• PROBLEM STATEMENT: Given the material below, return only the lines starting at the line with "The binoculars in" and ending at the line with "Grand staircase with", exactly as they appear.
EXERCISE DATA below:
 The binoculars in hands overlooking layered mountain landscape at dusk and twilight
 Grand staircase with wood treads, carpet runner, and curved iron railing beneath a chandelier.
End of EXERCISE DATA.
EXERCISE DATA below:
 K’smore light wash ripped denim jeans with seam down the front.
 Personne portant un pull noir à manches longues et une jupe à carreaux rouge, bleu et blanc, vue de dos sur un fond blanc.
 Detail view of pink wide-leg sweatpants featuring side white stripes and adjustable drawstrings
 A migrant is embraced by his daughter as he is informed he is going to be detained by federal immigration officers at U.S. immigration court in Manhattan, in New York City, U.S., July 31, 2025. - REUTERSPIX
End of EXERCISE DATA.
• EXPECTED OUTPUT:
 The binoculars in hands overlooking layered mountain landscape at dusk and twilight
 Grand staircase with wood treads, carpet runner, and curved iron railing beneath a chandelier.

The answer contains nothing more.